Loading ...
Sorry, an error occurred while loading the content.
 

Re: Dealing with empty strings in regexp.

Expand Messages
  • LCD 47
    ... You re making up a metaphysics of empty substrings. I humbly submit that there is no such thing in the programming languages you mention (don t know about
    Message 1 of 10 , Jun 18, 2013
      On 18 June 2013, Paul Isambert <zappathustra@...> wrote:
      > Hello all,
      >
      > The following issue has been recently discussed on the Lua mailing list:
      > http://lua-users.org/lists/lua-l/2013-04/msg00812.html
      >
      > (It has also been independantly raised on the LuaTeX list:
      > http://tug.org/pipermail/luatex/2013-June/004418.html)
      >
      > If I understand correctly, any string can be represented with
      > interspersed empty substrings. E.g. “abc” is really “ϵaϵbϵcϵ”, where
      > “ϵ” is the empty string. Now, there seems to be two ways to deal with
      > those empty strings in regexps, especially regarding the “*” operator:

      You're making up a metaphysics of empty substrings. I humbly submit
      that there is no such thing in the programming languages you mention
      (don't know about Lua though).

      > - The Perl way: “X*” matches as many “X” as possible, and does not
      > include the following empty string.

      $ echo -n abc | perl -pe 's/[ac]*/($&)/g'
      (a)()b(c)()

      The key to understanding this is to keep in mind that:

      (1) "*" is greedy; and
      (2) "/g" is defined as "Global matching, and keep the Current position
      after failed matching."

      Try something like this if you want the gory details:

      $ echo -n abc | perl -Mre=debug -ne 's/[ac]*/($&)/g'

      > - The Python (or sed) way: “X*” matches as many “X” as possible, and
      > includes the following empty string.
      >
      > Starting empty strings are always included. So, the Perl way gives (I
      > use Ruby, since I can’t speak Perl):
      >
      > puts 'abc'.gsub(/[ac]*/, '(\0)')
      > # returns “(a)()b(c)()”, really “(ϵa)(ϵ)b(ϵc)(ϵ)”

      Same thing with Ruby: there's a current position pointer, keeping
      track of the current match.

      > And the Python way:
      >
      > import re
      > print re.sub(re.compile('(a*)'), '(\\1)', 'abc')
      > # returns “(a)b(c)”, really “(ϵaϵ)b(ϵcϵ)”

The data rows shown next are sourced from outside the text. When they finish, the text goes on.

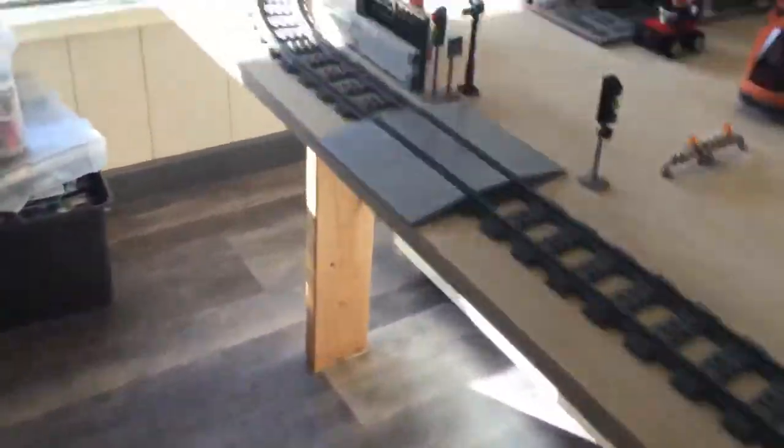Have you liked the last two Lego videos? I showed off what's on this table, what's on this table. The next video will be one showing off this table.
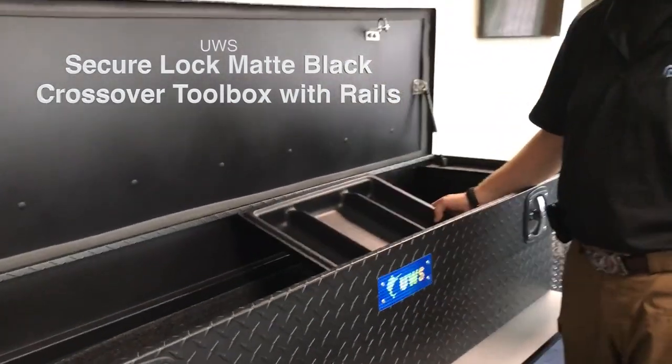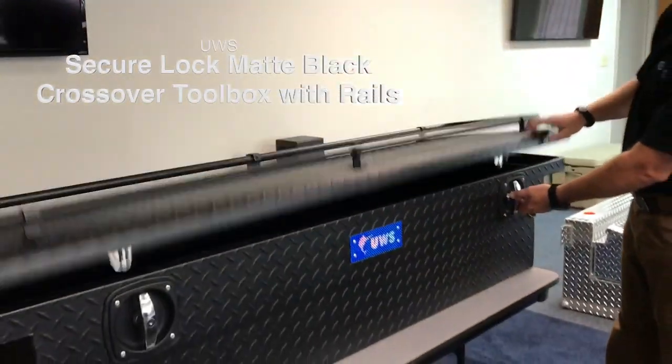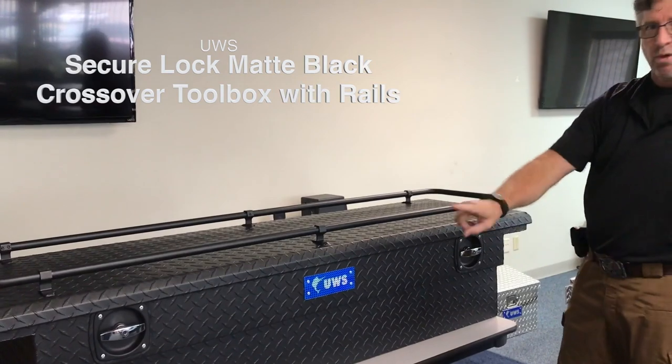It does come with a three-tier tray, a lock protector plate on the front, and locks on both sides.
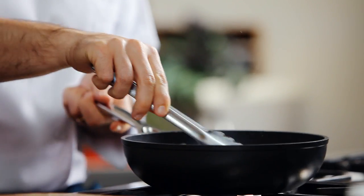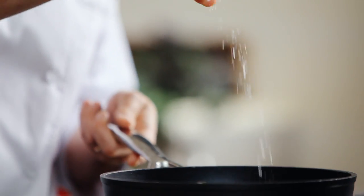Then add prawns and cook for a further couple of minutes. Of course you can use any seafood of your liking, and remember to season well.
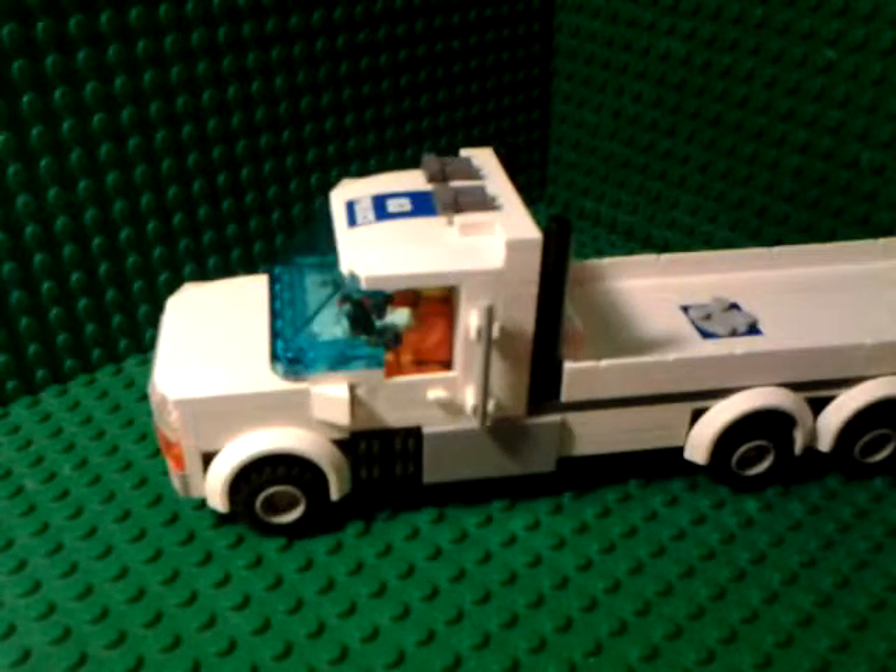That is my flatbed. If you like it, comment and like. If you didn't like it, comment on how I could make it better. If you don't like it and don't want to comment, that's fine. And lastly, favorite it. Thanks for watching, guys.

      With Python, re.sub() "return[s] the string obtained by replacing
      the leftmost non-overlapping occurrences of pattern in string by the
      replacement repl". It's the same thing, except for an optimisation:
      "empty matches are included in the result unless they touch the
      beginning of another match".

      > (Note that adding “$” to the patterns doesn’t change anything.)
      >
      > Now, VimL works in the Perl way, except that “*” includes the empty
      > string if it is the last one in the string:
      >
      > echo substitute('abc', '[ac]*', '(\0)', 'g')
      > " returns “(a)()b(c)”, really “(ϵa)(ϵ)b(ϵcϵ)”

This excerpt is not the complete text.